Exercise materials
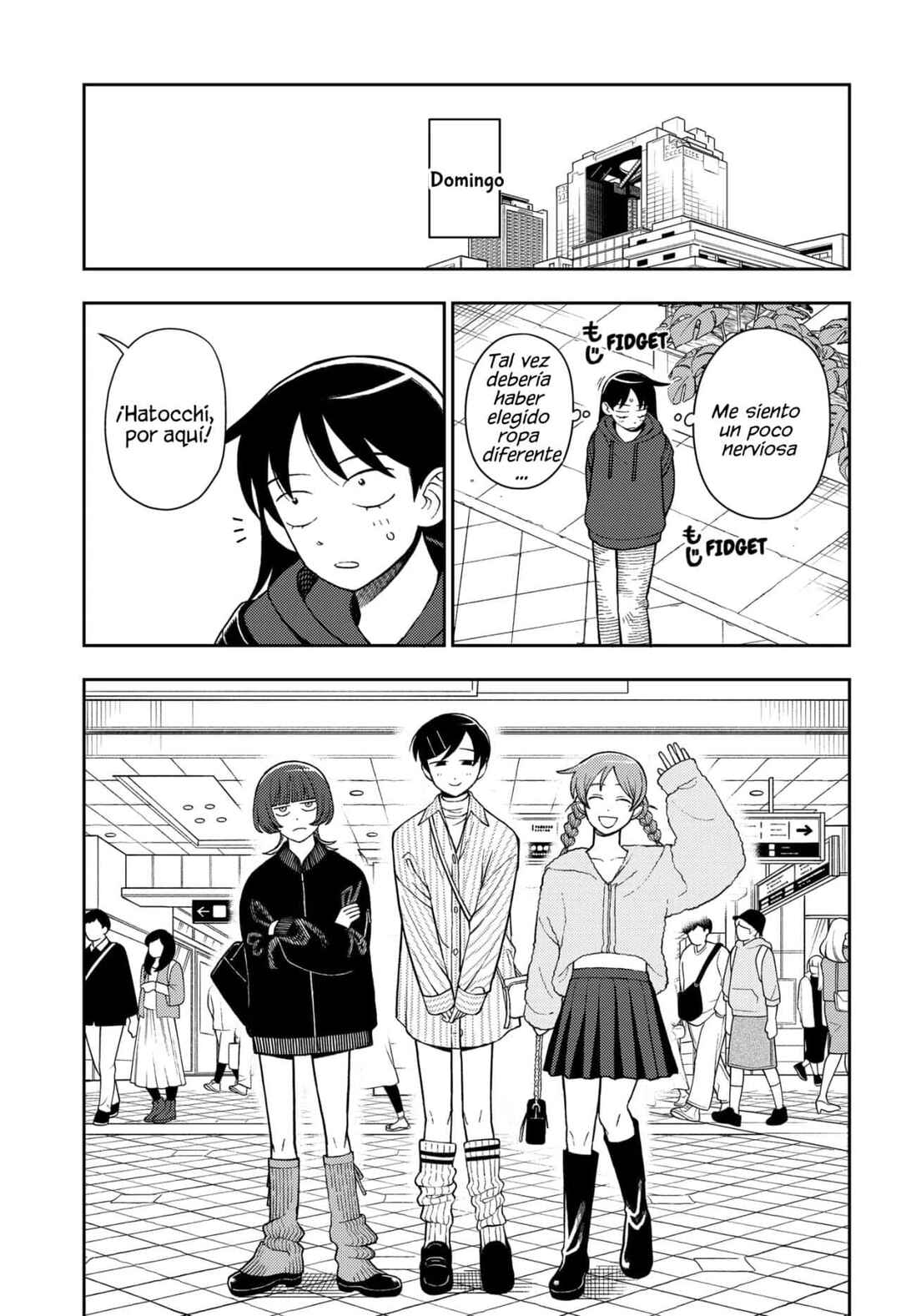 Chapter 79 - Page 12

---

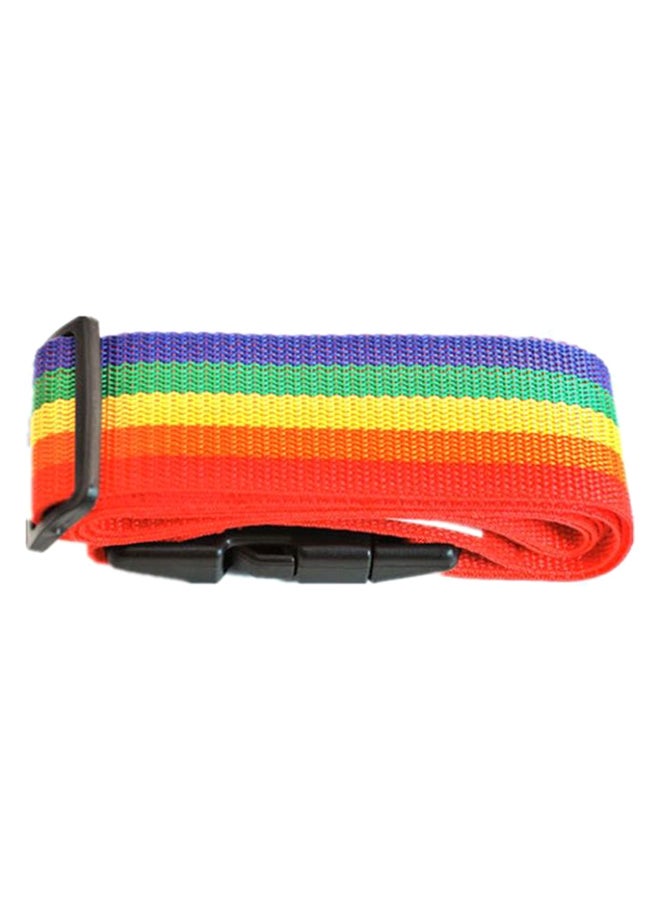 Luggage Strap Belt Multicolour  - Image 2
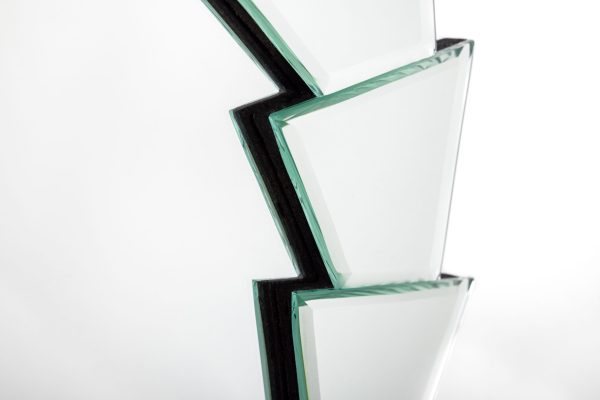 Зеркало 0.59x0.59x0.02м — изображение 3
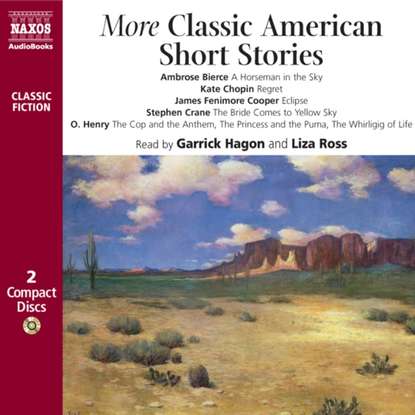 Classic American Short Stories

* * *

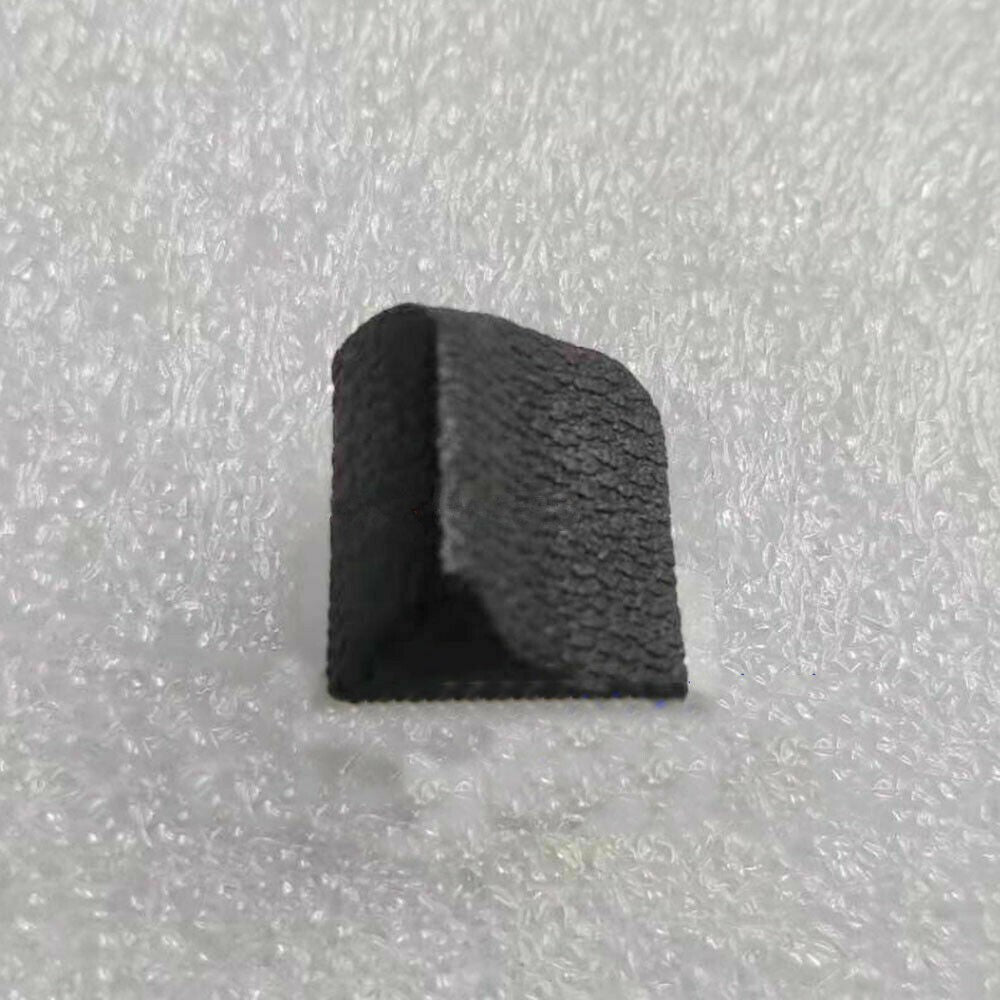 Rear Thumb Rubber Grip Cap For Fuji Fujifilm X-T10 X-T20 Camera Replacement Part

Goal of the exercise
Copy only the lines above from the one containing "Luggage Strap Belt" through the one containing "Classic American Short Stories", both included. Leave out the pictures.

Reply to the task
 Luggage Strap Belt Multicolour  - Image 2
 Зеркало 0.59x0.59x0.02м — изображение 3
 Classic American Short Stories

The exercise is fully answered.